Mendelssohn:Octette In E Flat Major, Op. 20 [1.Allegro Moderato Ma Con Fuoco]

Mendelssohn:Octette In E Flat Major, Op. 20 [2.Andante]

Mendelssohn:Octette In E Flat Major, Op. 20 [3.Scherzo: Allegro leggierissimo]

Mendelssohn:Octette In E Flat Major, Op. 20 [4.Presto]




よりパワフルで多彩な響きを求めた作品

この八重奏曲はメンデルスゾーン16才の時の作品です。
メンデルスゾーンにとってこの時期は、家庭内での演奏会のための作品からより公的な場で演奏される作品へと転換しはじめたときでした。
彼はこの前年に六重奏曲も書いているのですが、それもまたより編成の大きな多彩な響きを求めたものでした。

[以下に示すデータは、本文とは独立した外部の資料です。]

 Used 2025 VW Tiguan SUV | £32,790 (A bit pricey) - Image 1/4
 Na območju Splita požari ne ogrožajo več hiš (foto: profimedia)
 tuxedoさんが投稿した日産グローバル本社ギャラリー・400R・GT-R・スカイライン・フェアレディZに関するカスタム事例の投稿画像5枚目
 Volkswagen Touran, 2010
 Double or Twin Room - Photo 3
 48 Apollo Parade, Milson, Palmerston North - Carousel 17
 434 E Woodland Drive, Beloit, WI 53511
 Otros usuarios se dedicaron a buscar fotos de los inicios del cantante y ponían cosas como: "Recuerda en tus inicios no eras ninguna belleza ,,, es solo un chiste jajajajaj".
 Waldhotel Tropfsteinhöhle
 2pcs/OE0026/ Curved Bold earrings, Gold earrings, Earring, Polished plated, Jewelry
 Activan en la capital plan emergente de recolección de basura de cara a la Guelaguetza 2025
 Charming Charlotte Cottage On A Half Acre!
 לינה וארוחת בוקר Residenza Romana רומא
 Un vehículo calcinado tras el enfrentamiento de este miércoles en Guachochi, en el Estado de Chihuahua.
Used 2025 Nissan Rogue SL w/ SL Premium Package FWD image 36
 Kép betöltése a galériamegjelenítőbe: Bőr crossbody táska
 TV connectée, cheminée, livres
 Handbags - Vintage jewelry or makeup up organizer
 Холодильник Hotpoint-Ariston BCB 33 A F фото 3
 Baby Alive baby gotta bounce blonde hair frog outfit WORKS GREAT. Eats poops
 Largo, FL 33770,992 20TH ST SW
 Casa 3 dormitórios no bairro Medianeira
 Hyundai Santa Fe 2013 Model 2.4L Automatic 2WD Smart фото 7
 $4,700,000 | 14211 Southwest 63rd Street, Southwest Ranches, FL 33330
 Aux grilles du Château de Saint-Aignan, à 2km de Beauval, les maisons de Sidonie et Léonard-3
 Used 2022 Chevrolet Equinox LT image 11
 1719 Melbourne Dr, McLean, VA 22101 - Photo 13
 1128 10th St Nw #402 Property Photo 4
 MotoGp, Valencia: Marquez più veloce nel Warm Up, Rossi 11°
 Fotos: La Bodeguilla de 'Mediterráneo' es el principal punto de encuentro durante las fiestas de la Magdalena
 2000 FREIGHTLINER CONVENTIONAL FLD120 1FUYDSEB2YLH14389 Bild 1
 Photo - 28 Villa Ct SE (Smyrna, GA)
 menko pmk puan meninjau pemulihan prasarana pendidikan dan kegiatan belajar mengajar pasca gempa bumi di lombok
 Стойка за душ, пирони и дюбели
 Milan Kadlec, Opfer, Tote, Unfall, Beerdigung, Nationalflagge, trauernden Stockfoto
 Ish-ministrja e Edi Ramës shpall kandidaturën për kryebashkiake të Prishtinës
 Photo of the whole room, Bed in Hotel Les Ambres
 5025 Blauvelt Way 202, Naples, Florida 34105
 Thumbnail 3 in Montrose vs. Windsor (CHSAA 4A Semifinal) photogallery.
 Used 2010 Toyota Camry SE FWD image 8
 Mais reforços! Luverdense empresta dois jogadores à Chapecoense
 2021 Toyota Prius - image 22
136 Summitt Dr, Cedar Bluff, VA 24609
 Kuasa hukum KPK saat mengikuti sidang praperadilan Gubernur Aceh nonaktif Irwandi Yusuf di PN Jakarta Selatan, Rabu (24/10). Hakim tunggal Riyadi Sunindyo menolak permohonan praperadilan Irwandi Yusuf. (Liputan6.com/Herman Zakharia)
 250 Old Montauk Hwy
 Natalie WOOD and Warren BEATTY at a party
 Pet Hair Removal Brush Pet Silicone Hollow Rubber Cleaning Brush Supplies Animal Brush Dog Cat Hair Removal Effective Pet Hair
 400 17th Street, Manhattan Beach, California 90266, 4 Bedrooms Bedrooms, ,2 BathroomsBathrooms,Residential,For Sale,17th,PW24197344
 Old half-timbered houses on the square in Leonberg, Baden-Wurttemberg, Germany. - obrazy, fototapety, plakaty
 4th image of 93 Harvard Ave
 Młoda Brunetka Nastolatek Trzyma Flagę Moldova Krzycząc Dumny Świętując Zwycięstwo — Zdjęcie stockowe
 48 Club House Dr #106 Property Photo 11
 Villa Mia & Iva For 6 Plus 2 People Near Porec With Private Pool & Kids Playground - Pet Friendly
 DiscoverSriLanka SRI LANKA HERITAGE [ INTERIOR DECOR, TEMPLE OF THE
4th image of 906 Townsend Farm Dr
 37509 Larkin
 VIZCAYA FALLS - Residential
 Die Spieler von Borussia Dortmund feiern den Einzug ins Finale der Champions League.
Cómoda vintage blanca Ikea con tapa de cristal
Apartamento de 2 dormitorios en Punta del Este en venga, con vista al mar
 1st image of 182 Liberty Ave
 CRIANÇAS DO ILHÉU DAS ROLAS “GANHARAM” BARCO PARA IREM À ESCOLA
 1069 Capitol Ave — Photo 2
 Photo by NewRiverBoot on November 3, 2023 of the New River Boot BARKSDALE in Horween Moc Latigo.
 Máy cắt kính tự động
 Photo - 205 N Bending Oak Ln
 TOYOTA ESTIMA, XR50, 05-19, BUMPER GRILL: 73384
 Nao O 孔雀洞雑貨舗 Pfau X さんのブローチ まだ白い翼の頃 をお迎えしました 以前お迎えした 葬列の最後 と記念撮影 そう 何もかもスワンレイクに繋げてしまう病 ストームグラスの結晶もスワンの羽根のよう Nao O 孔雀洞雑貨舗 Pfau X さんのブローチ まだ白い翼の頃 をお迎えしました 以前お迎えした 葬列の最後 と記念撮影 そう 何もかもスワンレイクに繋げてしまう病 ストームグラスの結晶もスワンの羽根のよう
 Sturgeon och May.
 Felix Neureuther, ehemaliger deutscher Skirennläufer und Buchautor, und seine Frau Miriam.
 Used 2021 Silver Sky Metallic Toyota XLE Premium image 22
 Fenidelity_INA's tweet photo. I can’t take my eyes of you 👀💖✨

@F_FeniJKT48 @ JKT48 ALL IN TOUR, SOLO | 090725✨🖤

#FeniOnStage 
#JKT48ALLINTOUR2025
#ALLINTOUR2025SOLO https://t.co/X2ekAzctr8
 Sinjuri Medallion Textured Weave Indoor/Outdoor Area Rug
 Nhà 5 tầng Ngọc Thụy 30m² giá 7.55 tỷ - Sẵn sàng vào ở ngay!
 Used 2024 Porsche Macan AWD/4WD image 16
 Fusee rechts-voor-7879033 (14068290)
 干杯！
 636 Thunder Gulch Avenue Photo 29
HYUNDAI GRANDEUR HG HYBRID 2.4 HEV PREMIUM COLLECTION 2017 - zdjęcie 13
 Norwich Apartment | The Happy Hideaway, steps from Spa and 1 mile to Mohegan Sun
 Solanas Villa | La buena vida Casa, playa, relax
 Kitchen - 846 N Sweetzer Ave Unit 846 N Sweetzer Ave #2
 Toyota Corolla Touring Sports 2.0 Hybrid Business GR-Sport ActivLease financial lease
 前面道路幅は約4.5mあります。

この六重奏曲は作品番号が「110」なので誤解を招くのですが、決してメンデルスゾーンの晩年の作品ではありません。そうではなくて、逆に若書きの作品であり、その出来に満足できなかったメンデルスゾーンが公開の場で演奏もしなければ出版もしなかったのです。しかし、メンデルスゾーンの仕儀に、埋もれてしまうのは惜しいと言うことで1868年にはじめて出版されたので「作品番号110」となってしまっているのです。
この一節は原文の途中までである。